An assembly program is usually divided into sections. Each section has its use: .text
is for writing
instructions, .data
is for declaring global variables.
An assembly program can be divided into multiple files. One of them should contain the _start
label. It is
the entry point, it marks the first instruction to be executed. This label should be declared global
.
global _start
section .data
msg db 'Hello World!', 0Ah ; assign msg variable with your message string
section .text
_start:
mov edx, 13 ; number of bytes to write - one for each letter plus 0Ah (line feed character)
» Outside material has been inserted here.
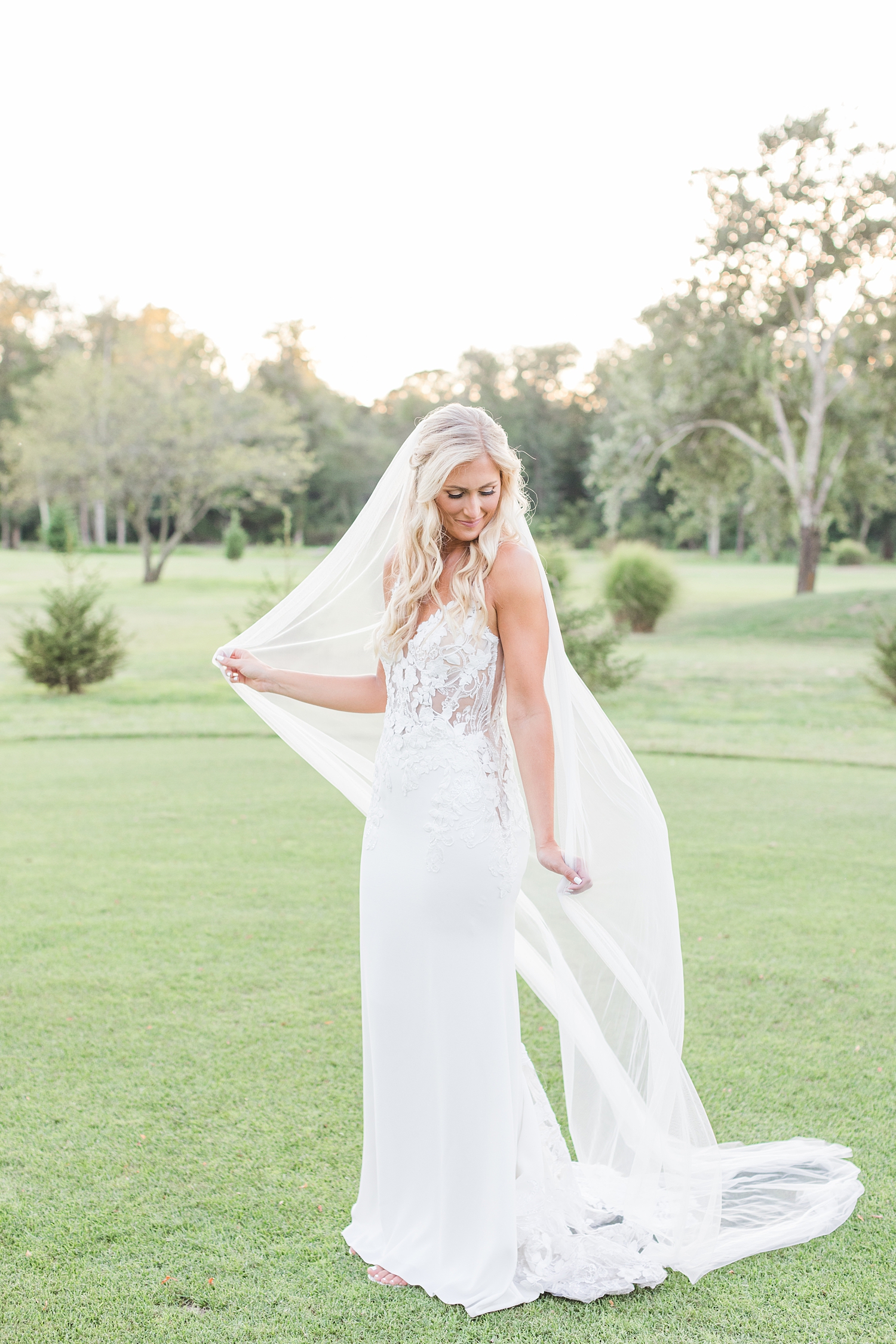 bride on greens of golf course during golden hour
mov ecx, msg ; move the memory address of our message string into ecx
mov ebx, 1 ; write to the STDOUT file
mov eax, 4 ; invoke SYS_WRITE (kernel opcode 4)
int 80h
mov ebx, 0 ; return 0 status on exit - 'No Errors'
mov eax, 1 ; invoke SYS_EXIT (kernel opcode 1)
int 80h
Comments start with a semicolon.
section
, global
, and db
are directives.
mov
and int
are instructions.
Save the code above as helloworld.asm. To compile and execute the assembly program, use the following commands
nasm -f elf32 helloworld.asm
ld -m elf_i386 helloworld.o -o helloworld
./helloworld
The option -f
of the NASM command is for specifying the output file format. elf32
is output format for 32-bit linux object file.
The option -m
of the ld command is for specifying machine architecture.